S.B. suffered multiple gunshot wounds. So did S.K., including a fatal gunshot wound to the chest.

Sixteen .9 millimeter shell casings and ten .10 millimeter casings were recovered from the scene. Law enforcement found a Glock 29 .10 millimeter pistol while investigating a different murder. It was loaded with a 15-round magazine. The prosecution's expert on firearm and toolmark identification opined that two firearms were used in the shooting, and the .10 millimeter cartridge cases were fired by the recovered Glock 29 .10 millimeter pistol.

II. DISCUSSION

A. Alleged Prosecutorial Error

1. Closing Argument

During closing argument, the prosecutor read various text messages, including those set forth above, and argued about what the messages meant. Defense counsel objected that the prosecutor's comments shifted the burden of proof and referred to matters that were not in evidence:

"[PROSECUTOR]: We look at the communication from the defendant's phone on the day of the murder.
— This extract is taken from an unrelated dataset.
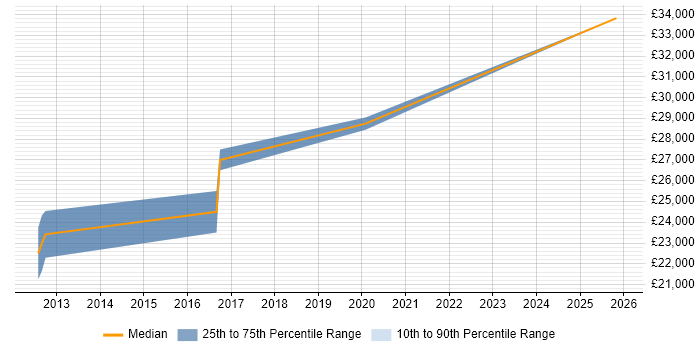 Salary distribution trend for Active Directory Support job vacancies in Crewe
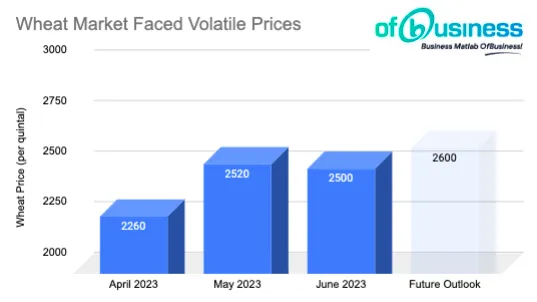 Weekly Update: Wheat Market Faced Steady Demand And Volatile Prices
" 'Is the 29 home?' In the morning, this is from [defendant's phone] to unknown person ....We don't know who-we don't know who it is to, but we know who it is from.

"The 29, our murder weapon is a Glock 29.

"Another text message later in the day, 4:54 p.m., 'Come 2 15 clip.' What is in [People's Exhibit No.] 166, murder weapon, a .15 clip. This is it, this is the 29 when he's talking about 'Is the 29 home?' We haven't heard any other explanation. This is the only reasonable explanation you're going to hear about

"[DEFENSE COUNSEL]: I object, sounds like he's trying to shift the burden to me.

"THE COURT: Defense has no burdens here. This is argument. Remember that defense doesn't have the burden, the burden is solely on [the prosecutor].

"[PROSECUTOR]: 'Is the 29 home,' murder weapon is a Glock 29.

"We see at 10:19 this is S[.K.] texting S[.B.], 'Bong[,] can you call, check they done.' This is in reference to the 50-pound marijuana deal that was going to go on. They done. He's checking on where is my 50,000 dollars.

"[DEFENSE COUNSEL]: I object to that. There is no evidence of that at all.

"THE COURT: He's drawing inferences from it, overruled.

"[PROSECUTOR]: We see the text messages, 'You on the way yet?' 'Yes, four minutes away.' He texts S[.K.] says he's coming.

"We have at 10:24 the last communication that is ever made between the two. And what does S[.B.] tell you, he says, 'I'm outside, come outside.'

"We see at 10:29 this is when Bruce starts texting the defendant. These are all those . . . text messages with the defendant. There is a gap between 11:05 and 12:53. Over an hour and 45 minutes he says, 'I got blurp. Is he okay?['] If he did-'blurp' means gets pulled over. You would have heard about that if he had got pulled over

"[DEFENSE COUNSEL]: Shifting the burden to me, I object to that.

"THE COURT: This is argument. He's drawing his inferences. [¶] Remember the defense has no burden whatsoever.

"[¶] . . . [¶]

"[PROSECUTOR]: There is no conversations between 11:05 and 12:53, for an hour and 45 minutes, and then the defendant says, 'I got blurp.' [¶] Why is there no communication for an hour and 45 minutes? [¶] We know he never contacted S[.B.] again after 10:24. [¶] If he's his uncle, so concerned with him, why no contact? [¶] It wasn't because he got pulled over by the police, the blurp, I got blurp.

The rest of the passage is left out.